Lidah itu tak bertulang. Itulah kiasan yang menunjukkan kelenturan lidah untuk mengucapkan apa pun. Soal benar dan salah, soal jujur dan dusta; hanya dia dan Allah yang tahu.
Karena itu, nilai ucapan sangat bergantung dari kedekatan atau hubungan khusus seseorang dengan Allah subhanahu wata’ala. Mungkin saja orang lain terpedaya dengan ucapannya, tapi Allah Maha Tahu di balik itu semua.
Sebuah cerita lama boleh jadi masih menarik untuk diambil pelajaran.

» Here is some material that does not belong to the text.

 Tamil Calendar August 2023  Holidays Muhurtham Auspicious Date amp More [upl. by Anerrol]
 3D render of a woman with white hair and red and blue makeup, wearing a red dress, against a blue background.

Adalah seorang kiyai sepuh yang ingin mewariskan posisinya kepada sepuluh santri terbaik. Ia ingin menguji, siapa dari mereka yang pantas untuk menggantikannya.

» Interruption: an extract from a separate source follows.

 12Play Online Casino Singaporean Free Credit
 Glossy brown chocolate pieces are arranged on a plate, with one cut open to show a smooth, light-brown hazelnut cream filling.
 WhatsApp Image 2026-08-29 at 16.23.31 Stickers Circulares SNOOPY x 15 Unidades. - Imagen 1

Ujiannya lain dari yang lain. Pak Kiyai tidak menguji ilmu mereka. Karena semua memiliki ilmu yang sama hebat. Pak Kiyai juga tidak menguji kesetian mereka. Karena semua terbukti setia. Pak Kiyai juga tidak menguji mutu kepemimpinan mereka. Karena mutu itu sudah tertanam rata sejak lama.

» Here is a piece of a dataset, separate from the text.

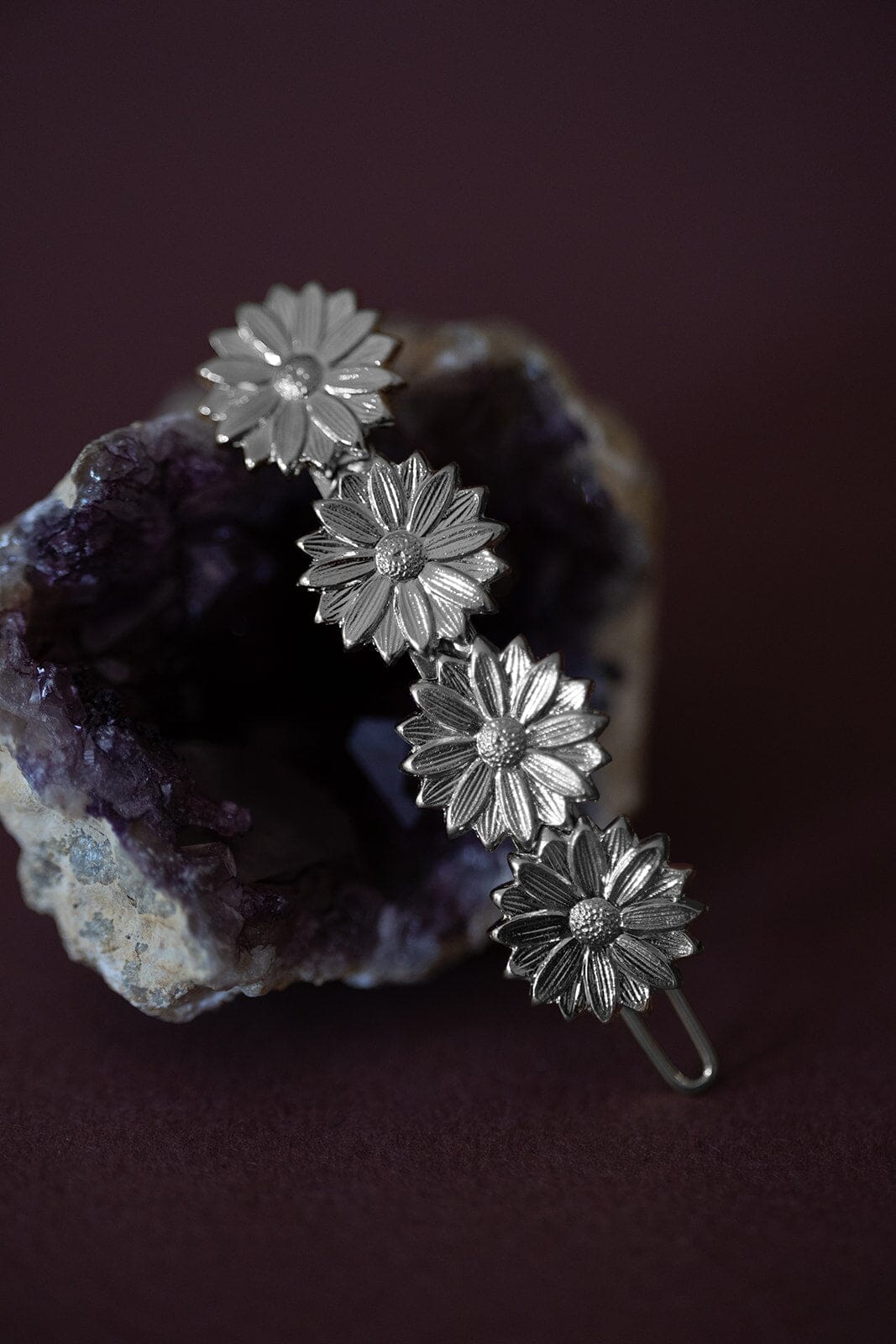 Mini Barrette Maïa Argent Fleurs Accessoires Monsieur Simone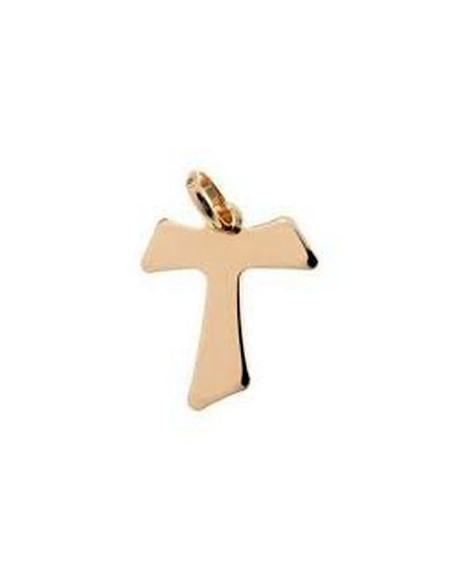 Colgante de cruz de Tau - chapado en oro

Ujiannya sangat sederhana. Pak Kiyai hanya ingin menguji kejujurannya. Ia meminta santri-santri pilihan itu untuk menyembelih ayam di tempat yang tersembunyi. Di mana di situ hanya ada ia dan ayam yang akan disembelihnya.
“Ini ujian kejujuran untuk kalian,” titah Pak Kiyai begitu bijak.
Berangkatlah sepuluh santri ini bersama ayam yang akan disembelihnya. Mereka berpencar, mencari tempat-tempat sepi yang tak ada siapa pun yang melihat. Siapa yang sudah tuntas dengan tugasnya, mereka pun diminta segera balik dan memperlihatkan bukti sembelihannya ke Pak Kiyai.
Pak Kiyai menanti lama. Ada satu santri yang sudah kembali. Ia datang dengan ayam yang sudah disembelih.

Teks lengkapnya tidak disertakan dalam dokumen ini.